* _Work request_:
Give back all of the data exactly, with every picture omitted.

* _Material provided_:
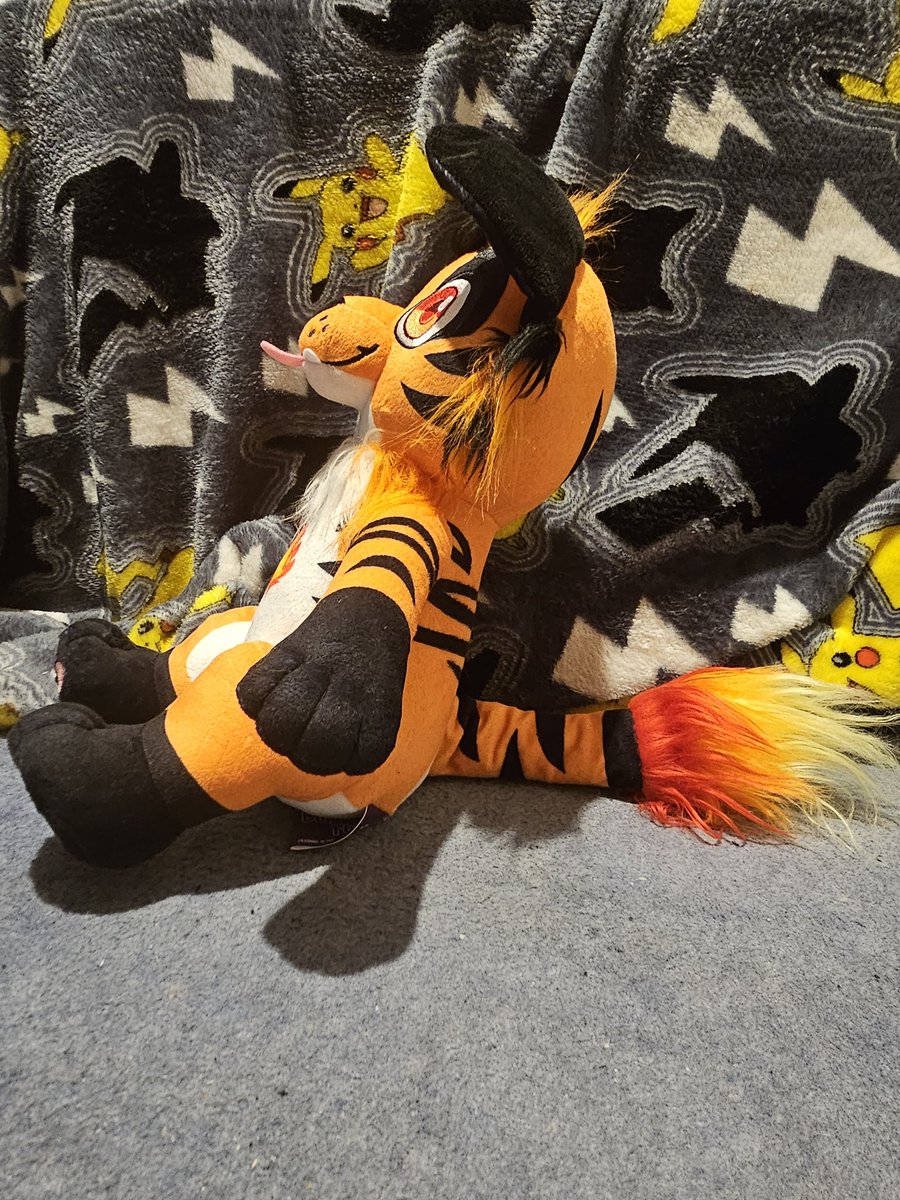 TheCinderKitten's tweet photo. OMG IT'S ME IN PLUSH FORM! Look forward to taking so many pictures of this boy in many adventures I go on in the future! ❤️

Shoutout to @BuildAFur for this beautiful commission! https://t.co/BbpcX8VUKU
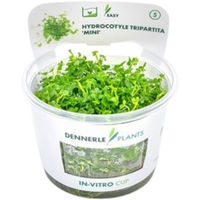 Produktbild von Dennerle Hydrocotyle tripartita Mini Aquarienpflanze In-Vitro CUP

* _Solution_:
 TheCinderKitten's tweet photo. OMG IT'S ME IN PLUSH FORM! Look forward to taking so many pictures of this boy in many adventures I go on in the future! ❤️

Shoutout to @BuildAFur for this beautiful commission! https://t.co/BbpcX8VUKU
 Produktbild von Dennerle Hydrocotyle tripartita Mini Aquarienpflanze In-Vitro CUP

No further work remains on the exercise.